So my Week 5 started out a bit hectic. I left about an hour and a half early for class. The plan was to drive to Bridgeport, park and then take the Canada Line to Langara. I got stuck in traffic at the Delta Works Yard portion of highway 99 and from there to the tunnel, it took a good a hour. With little time to spare, I skipped parking at Bridgeport and headed directly to Langara. I was expecting to pay for parking until I noticed that on 49th, after 6PM you can park on the street. A nice little bonus I think.
So, this week at my photography class we were to do Natural Light Portrait shots. There would be 4 models at 4 different locations on the Langara campus. Being a part of an assignment, our photos were to capture the following criteria:
- A backlit portrait, not a silhouette
- A portrait in high contrast light, but use fill to change the light ratio between shadows and highlights
- A portrait in soft even light (shade, cloudy day)
- A portrat in a situation of our choice
Seems fairly straight-forward correct? Even it the weather is somewhat cooperating with us, the overcast skies were being a bit of a pain. The light was fairly flat and we couldn’t really produce shadows enough to complete our assignment within the evening. Lucky for us, the assignment is not due until Monday evening. Hopefully that will give me enough time to complete it.
So what we did do was played around with the 5-in-1 reflector we had. We tried out all 4 colours (we skipped the diffuser) to see how it would effect the light against our models. We just tried to practice the art of directing models to do our bidding, well mainly to pose in certain ways. I’m still fairly new to it and my shyness still takes over. I hope over time, I’ll be less shy and have an easier time trying to position people into poses/stances etc for the photos. It is nice when you get a model who just does their own then (to an extent) and you just shoot as they move about.
We also are not allowed to manipulate our photos either. No colour corrections, white balance corrections, cropping etc. So everything has to be done within camera. All on manual exposure too (which isn’t difficult when the light doesn’t change constantly).
I thought about using my flash to trigger behind the models to create the backlit scene, but forgot we were only allowed to use natural light and I had a hard time trying to remotely trigger my flash. My Sigma EF-530 DG Super flash needs to be optically triggered which means it needs to have line-of-sight with my camera’s pop-up flash. I would love one day to be able to acquire radio remote triggers such as the Radio Poppers or PocketWizards.
Again, I used my Canon XSi with my EF 50mm f1.8 lens for this whole shoot. I’m getting better at manual zoom!
Here are some of the photos from yesterdays sessions:
Jasmine was our first model. Our group of 4 had no idea really on what to do with her, so we sorta just had her do her own thing. We did slowly get better at directing her and all of us slowly got a bit more comfortable taking photos.
Now Tony is a character. I think Peter was also mentioning Tony to me the previous week too. Anyway, Tony would start of posing and then go into acting out little skits to help build the scene. He was even talking to an invisible broker (for whom had lost Tony a lot of money) at one point in a phone booth which made from some interesting photos.
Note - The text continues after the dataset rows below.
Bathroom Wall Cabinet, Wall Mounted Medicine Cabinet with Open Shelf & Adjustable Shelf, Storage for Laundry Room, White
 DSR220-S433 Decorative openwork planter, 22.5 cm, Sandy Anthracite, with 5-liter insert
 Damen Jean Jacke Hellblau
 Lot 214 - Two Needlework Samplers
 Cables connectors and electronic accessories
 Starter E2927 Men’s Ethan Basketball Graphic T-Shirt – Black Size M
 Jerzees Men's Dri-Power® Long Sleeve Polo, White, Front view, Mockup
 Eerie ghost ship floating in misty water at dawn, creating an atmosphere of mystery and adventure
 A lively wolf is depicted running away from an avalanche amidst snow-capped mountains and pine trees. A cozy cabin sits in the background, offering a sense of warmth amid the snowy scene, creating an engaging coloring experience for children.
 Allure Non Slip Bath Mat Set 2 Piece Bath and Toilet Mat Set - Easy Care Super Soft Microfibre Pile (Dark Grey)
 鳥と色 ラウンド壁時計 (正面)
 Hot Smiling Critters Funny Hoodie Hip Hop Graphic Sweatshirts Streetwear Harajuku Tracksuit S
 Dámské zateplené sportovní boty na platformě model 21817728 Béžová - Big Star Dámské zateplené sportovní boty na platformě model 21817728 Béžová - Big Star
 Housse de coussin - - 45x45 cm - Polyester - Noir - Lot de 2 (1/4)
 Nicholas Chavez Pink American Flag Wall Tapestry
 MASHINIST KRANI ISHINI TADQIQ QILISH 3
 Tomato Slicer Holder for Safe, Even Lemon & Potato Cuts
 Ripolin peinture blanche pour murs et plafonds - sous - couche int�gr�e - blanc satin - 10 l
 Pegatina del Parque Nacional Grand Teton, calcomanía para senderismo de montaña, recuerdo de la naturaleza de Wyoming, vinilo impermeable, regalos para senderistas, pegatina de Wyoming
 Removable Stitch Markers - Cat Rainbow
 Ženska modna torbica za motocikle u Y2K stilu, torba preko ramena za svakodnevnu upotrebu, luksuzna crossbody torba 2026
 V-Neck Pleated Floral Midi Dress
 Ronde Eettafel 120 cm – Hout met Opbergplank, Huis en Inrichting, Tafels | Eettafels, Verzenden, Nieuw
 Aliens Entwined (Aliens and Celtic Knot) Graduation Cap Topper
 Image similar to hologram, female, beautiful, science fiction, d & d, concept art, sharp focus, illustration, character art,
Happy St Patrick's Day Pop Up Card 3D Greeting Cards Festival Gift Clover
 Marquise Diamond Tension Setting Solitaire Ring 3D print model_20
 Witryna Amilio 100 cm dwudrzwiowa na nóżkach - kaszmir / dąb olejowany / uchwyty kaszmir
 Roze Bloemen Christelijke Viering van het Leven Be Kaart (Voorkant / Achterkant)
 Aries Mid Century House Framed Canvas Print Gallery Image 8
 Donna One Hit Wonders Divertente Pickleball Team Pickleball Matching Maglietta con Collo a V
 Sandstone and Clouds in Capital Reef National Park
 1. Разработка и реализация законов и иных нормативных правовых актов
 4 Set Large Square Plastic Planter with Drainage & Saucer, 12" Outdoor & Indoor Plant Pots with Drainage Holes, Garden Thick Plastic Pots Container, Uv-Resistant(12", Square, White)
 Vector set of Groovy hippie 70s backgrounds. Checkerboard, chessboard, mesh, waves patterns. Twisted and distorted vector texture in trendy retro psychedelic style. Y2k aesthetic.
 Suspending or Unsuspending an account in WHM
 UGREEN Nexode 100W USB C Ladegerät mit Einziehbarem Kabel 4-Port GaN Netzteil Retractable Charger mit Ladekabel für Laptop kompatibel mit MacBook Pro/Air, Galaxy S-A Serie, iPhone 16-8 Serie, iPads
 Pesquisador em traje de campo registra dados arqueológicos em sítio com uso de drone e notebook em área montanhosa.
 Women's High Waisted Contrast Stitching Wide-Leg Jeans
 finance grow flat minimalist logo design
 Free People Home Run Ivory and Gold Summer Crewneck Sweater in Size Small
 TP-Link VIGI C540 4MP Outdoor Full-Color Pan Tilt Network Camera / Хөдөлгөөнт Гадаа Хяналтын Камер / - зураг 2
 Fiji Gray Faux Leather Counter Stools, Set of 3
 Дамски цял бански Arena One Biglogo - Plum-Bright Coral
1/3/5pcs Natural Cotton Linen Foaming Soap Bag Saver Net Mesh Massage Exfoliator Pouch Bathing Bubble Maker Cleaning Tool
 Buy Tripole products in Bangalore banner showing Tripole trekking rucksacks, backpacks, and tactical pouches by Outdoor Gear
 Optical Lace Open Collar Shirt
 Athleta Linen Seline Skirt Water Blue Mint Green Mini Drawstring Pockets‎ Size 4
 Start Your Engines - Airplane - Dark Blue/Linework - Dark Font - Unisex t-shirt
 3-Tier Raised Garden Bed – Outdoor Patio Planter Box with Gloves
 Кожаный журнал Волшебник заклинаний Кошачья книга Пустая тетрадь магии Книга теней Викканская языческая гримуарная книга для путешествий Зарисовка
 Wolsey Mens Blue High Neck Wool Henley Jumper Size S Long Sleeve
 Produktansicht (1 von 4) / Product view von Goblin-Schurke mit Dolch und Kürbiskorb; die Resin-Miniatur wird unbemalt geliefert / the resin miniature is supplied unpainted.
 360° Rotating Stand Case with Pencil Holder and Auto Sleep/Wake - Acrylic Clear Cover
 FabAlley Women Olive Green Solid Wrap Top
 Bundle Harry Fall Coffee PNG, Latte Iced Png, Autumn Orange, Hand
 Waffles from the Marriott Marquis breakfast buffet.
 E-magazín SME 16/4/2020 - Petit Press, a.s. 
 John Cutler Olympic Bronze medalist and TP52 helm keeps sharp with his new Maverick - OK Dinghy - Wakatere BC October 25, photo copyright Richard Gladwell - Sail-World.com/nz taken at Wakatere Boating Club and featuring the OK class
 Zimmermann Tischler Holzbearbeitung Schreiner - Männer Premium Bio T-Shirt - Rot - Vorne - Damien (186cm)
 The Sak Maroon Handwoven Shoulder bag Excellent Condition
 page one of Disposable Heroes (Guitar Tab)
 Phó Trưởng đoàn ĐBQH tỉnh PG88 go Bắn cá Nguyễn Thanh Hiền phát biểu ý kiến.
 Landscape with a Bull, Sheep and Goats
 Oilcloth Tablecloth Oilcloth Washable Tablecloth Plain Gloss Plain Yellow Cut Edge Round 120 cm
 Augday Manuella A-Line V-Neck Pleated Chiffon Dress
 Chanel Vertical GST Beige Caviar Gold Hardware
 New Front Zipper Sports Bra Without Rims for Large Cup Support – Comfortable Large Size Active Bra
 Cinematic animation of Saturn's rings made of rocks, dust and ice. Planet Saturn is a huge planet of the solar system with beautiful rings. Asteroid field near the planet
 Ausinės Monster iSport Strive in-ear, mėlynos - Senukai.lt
Tony, also having a liking for photography, was also trying to be helpful. I guess you can tell how green we are at shooting people
By this time the sun was low behind the overcast sky. Had to bump up the ISO and I think I went from f2.8 to f1.8 just to squeeze some more light out. Rachel was helpful as well as she had been taking photography courses as well (I think). She was a little trooper as her high-heeled shoes were digging into the back of her ankles pretty bad by the time we go to her station.
By the time we met up with our final model, Abdul, the light was pretty much gone. I bumped my ISO to 800 (any higher and the photos from the XSi are horrid) to try and get a decent shutter speed for hand-holding. Too bad I cut off his fingers, I liked the look of this shot. To keep him a bit warmer he was shadow boxing, it would be been cool if the light was out more that I could capture him doing that. Perhaps another day?
We spent a good 3 hours with the 4 various models. It was fun being able to shoot different people in different locations. I will have to figure out in the next few days how do complete my assignment. If the weather gets better (as it supposed to for the weekend) I might steal Robyn and take her down to the beach to do some of the photos. Since I won’t have a reflector, I’ll have to use my flash to fill in the shadows if I do the hard contrast light shots, even the backlit too I suppose.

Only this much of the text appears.